[WATCH] Rift in the Nationalist Party is an ideological one, academic says
Academic Mario Thomas Vassallo says that PN leader Adrian Delia cannot keep being condemned for what he said about assassinated journalist Daphne Caruana Galizia in 2017
The rift in the Nationalist Party is not superficial but a fundamental fracture in the ideological unity that once characterised the traditionally conservative party, Mario Thomas Vassallo said.
Vassallo is a University lecturer in economics and was one of the speakers at the last PN's extraordinary general council meeting where he said that the PN must not only reform the institutions of the State but of the party itself.
On TVM's Xtra, Vassallo said that Prime Minister Joseph Muscat was very tactful in 2013 and 2014 when Labour provoked a debate on the legalisation of civil unions for same-sex couples, later signed into law.
"From a political angle, the civil liberties were needed in the country but it was a Machiavellian tactic by Joseph Muscat because through it he attacked the PN at its Achilles' heel, ostensibly breaking open the party. The rift in the PN right now is an ideological one and he knew what he was doing," Vassallo said.
He added that the PN was built on Christian values and that this was changing. He argued that Malta had stopped relying on the church for its moral compass and that when this happened, the PN found itself without a natural home.
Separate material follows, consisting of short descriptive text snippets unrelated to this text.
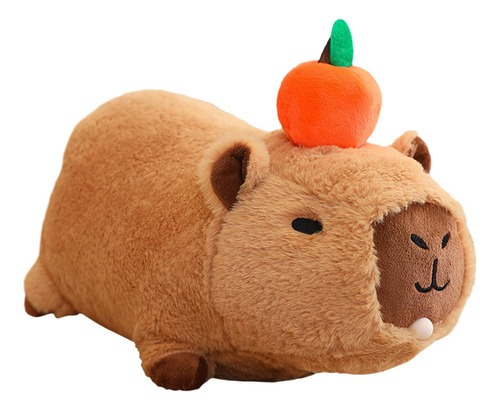 Lindo Capybara Animal De Peluche Muñeco De 30 Centimetros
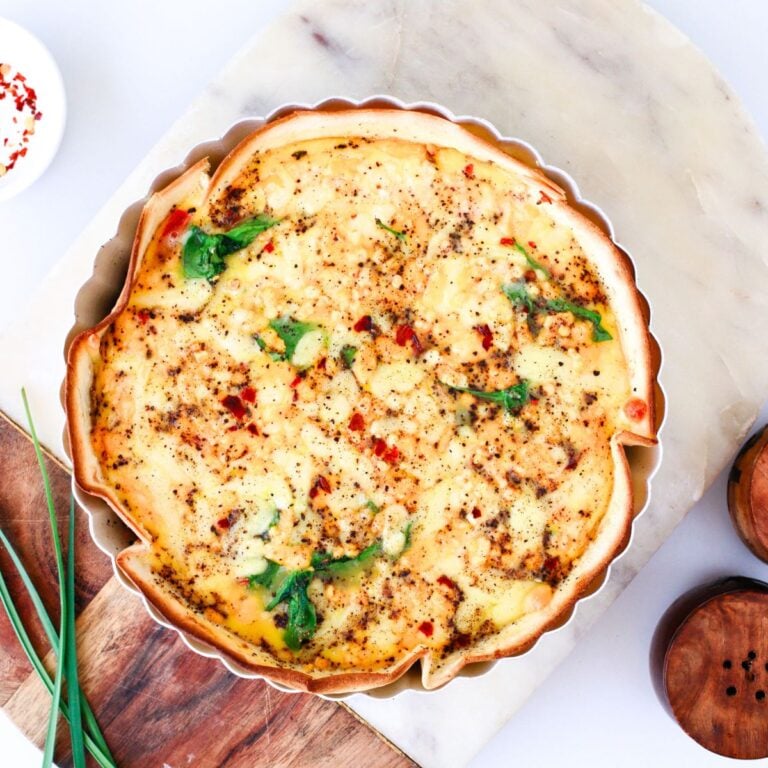 Tortilla Egg Bake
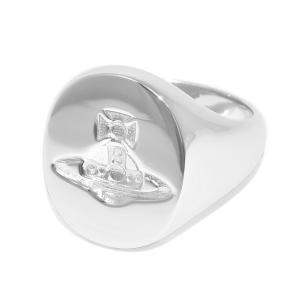 ヴィヴィアン ウエストウッド Vivienne Westwood 指輪 64040047 W004 SEAL RING シール リング シルバー｜salada-bowl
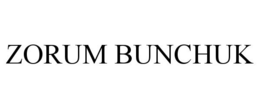 ZORUM BUNCHUK trademark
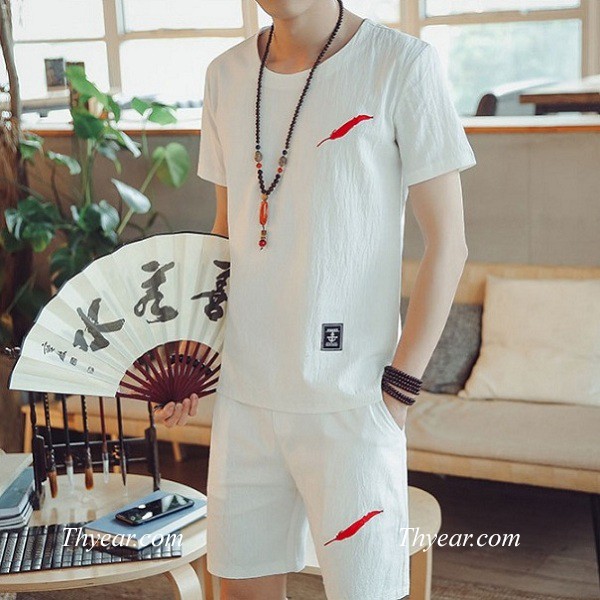 (BÁO SALE) bộ đũi thêu lông vũ chất xin chuẩn đũi!!!1
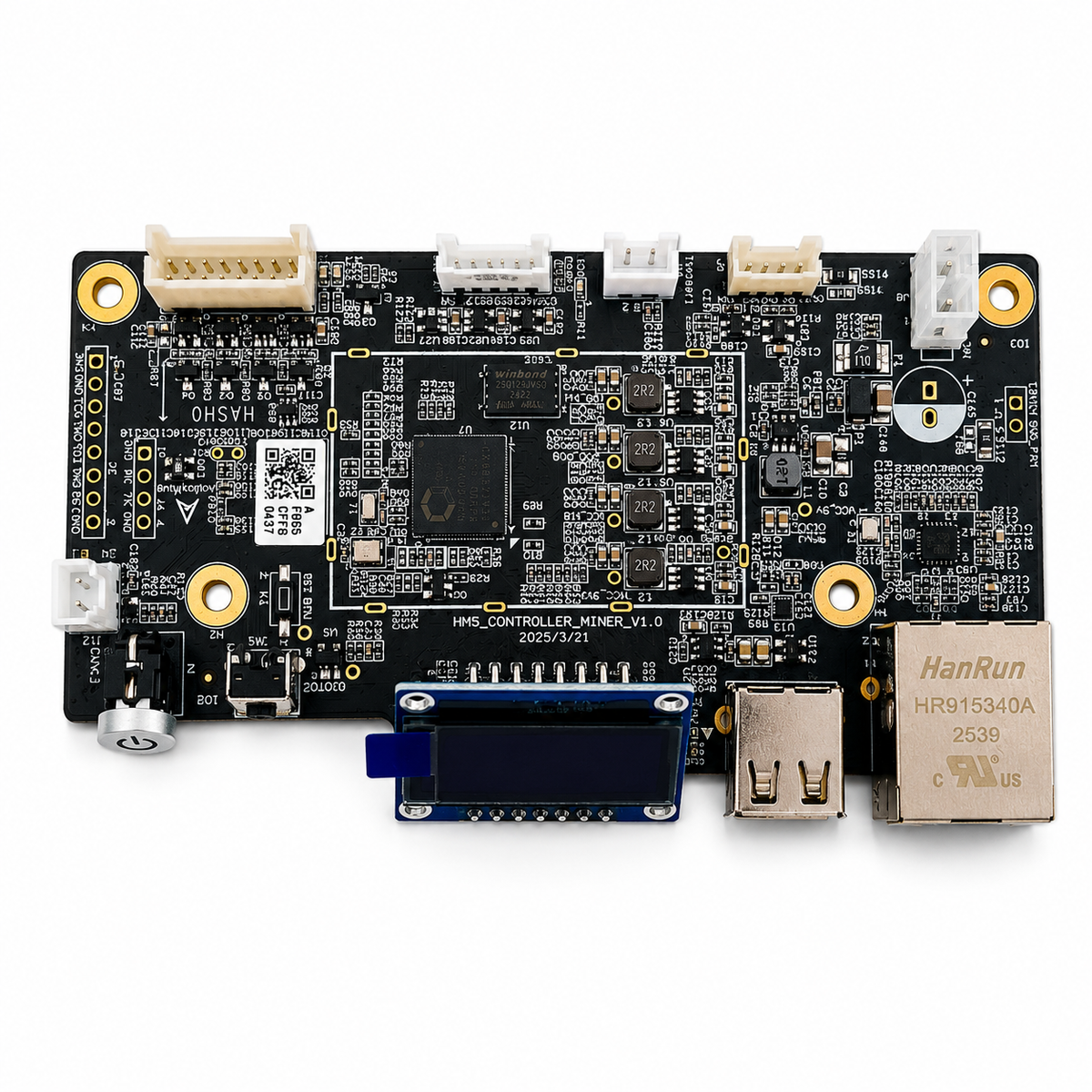 Canaan Avalon Q 90TH Control Board Replacement | Avalon Q Miner Controller Board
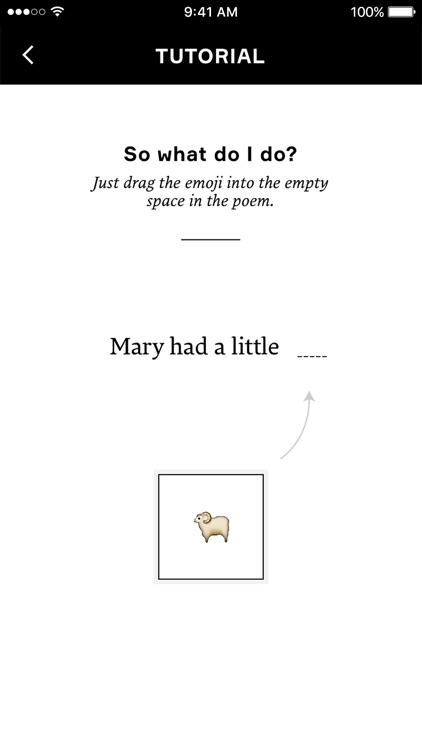 Emoji Poetry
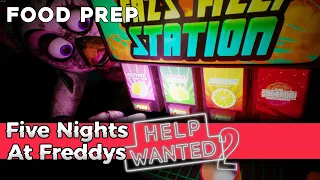 Five Nights at Freddy's: Help Wanted 2 - Food Prep Levels
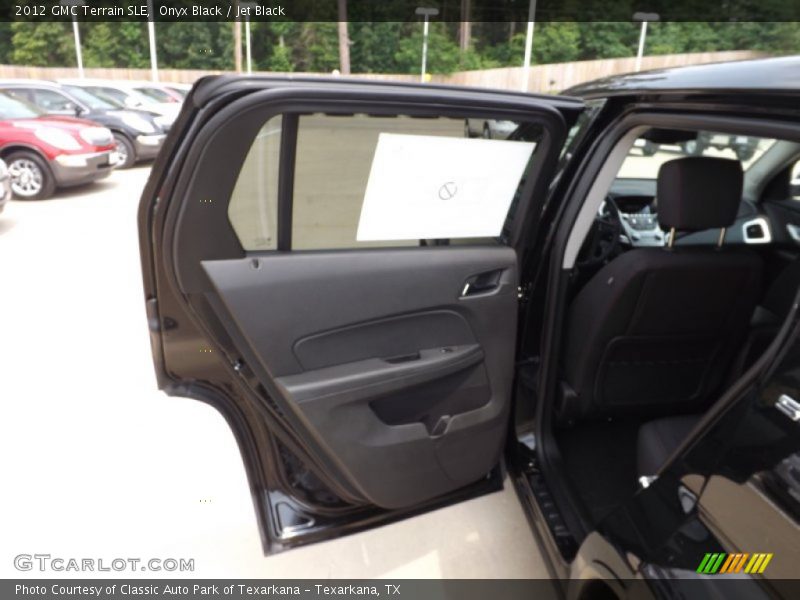 Onyx Black / Jet Black 2012 GMC Terrain SLE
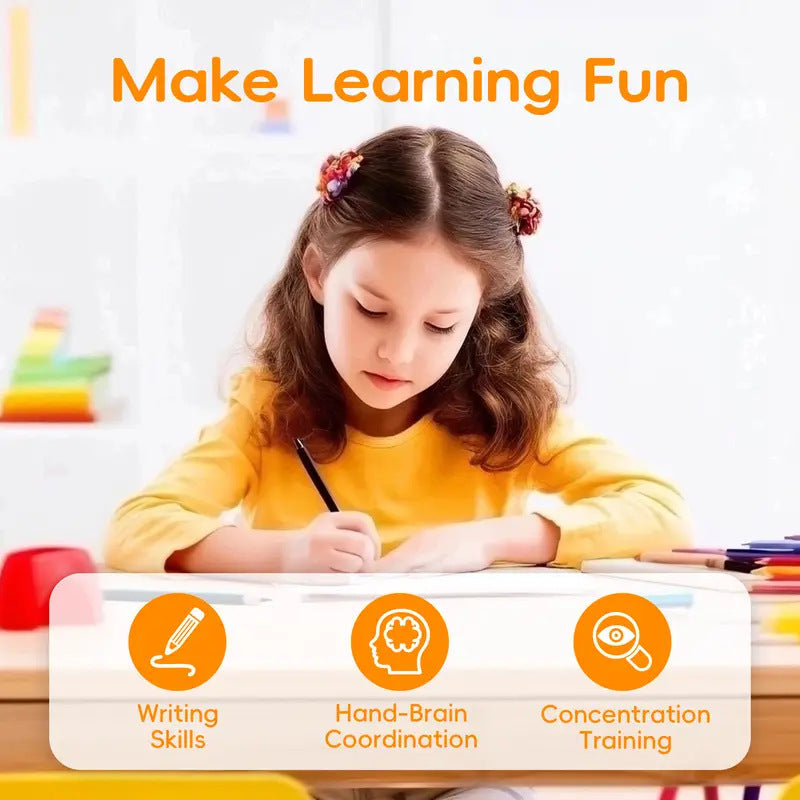 Kinder-Schreibtraining-Set | LuxeStyle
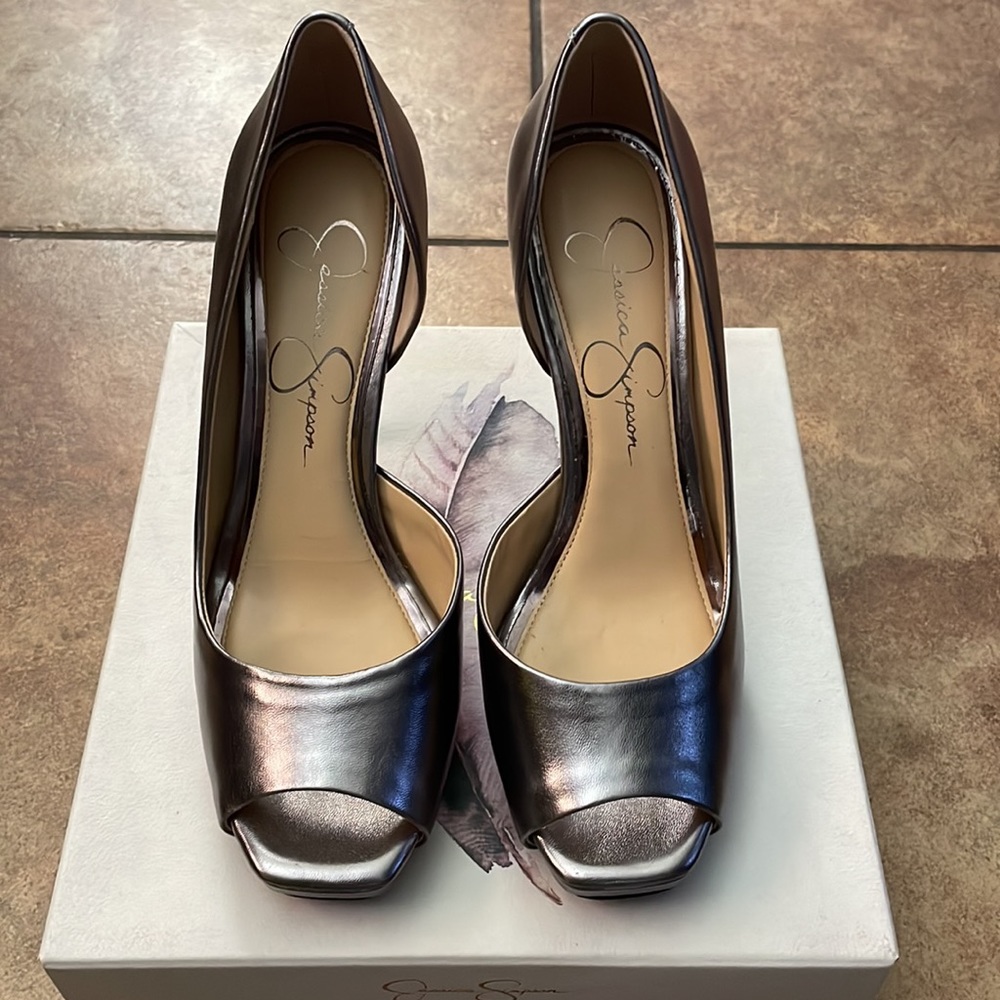 NEW Jessica Simpson Josette O’Orsay Heels - Picture 2 of 6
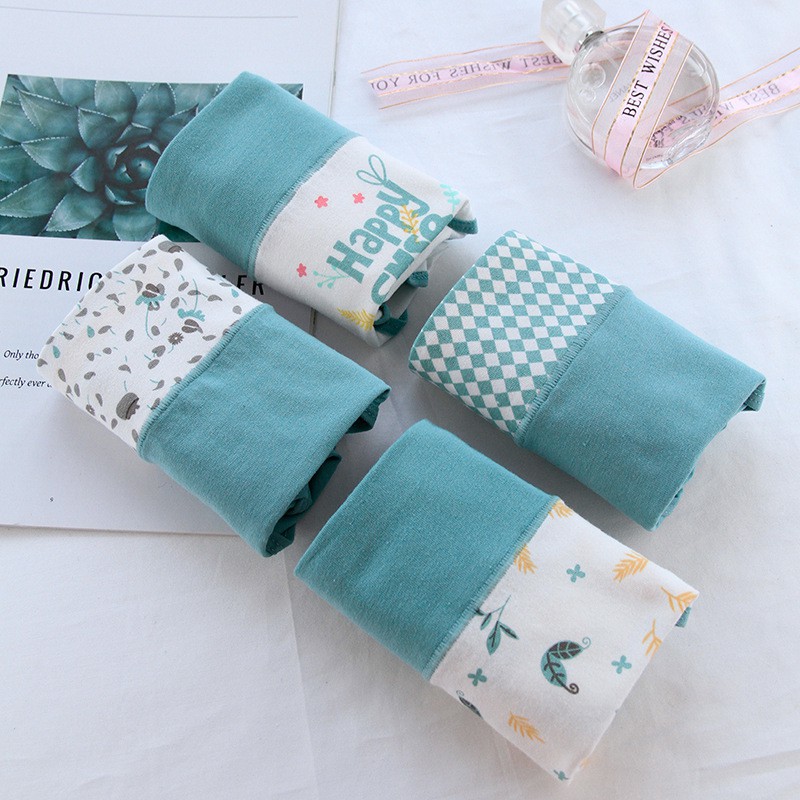 [Mã 12FASHIONSALE1 giảm 10K đơn 50K] Quần Lót Cotton Cạp Cao Happy CMSQ Xuất Hàn ( QL : 255 ) Hàng Loại Đẹp | BigBuy360 - bigbuy360.vn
"The PN is at a crossroads and it's not easy going in one direction and closing off all other possibilities... the PN also has serious problems of good internal governance and if it were a business, it would have defaulted," Vassallo said.
Former PN candidate and trade unionist Gejtu Vella was in agreement with Vassallo and said that the PN was left without direction after it had led the charge to take Malta to the European stage.
"After that, the PN did not know what else to do. It had no other strategy. The economic crisis struck then and Labour rode that wave of the international economic crisis. Labour gave the impression that that crisis was the PN's responsibility, but in actual fact, the PN did well. Comparatively, Malta was a success, in line with countries like Germany," Vella said.
He added that in 2013, Labour started speaking about values like transparency, accountability and meritocracy and insisted that the electorate cared about these values.
Vassallo said that while Opposition Leader Adrian Delia hadn't improved in standings after the political crisis that saw Muscat announcing his resignation in the wake of controversy, the PN chief could not keep being condemned for his past mistakes.
"Delia can't keep getting condemned for what he said about journalist Daphne Caruana Galizia a few months before her assassination. All he said back then was legitimate, that the agenda of the party cannot be dictated by a journalist or by implications being propagated by people outside the party," he said.
He added that, currently, the PN was reacting to the political situation in the country. "It's as if we stopped discussing politics and are now simply talking about the abuse of power. When power becomes an end in itself, to safeguard one's status, that's where we have a problem. This is happening everywhere... people are losing their faith in the elite," he said.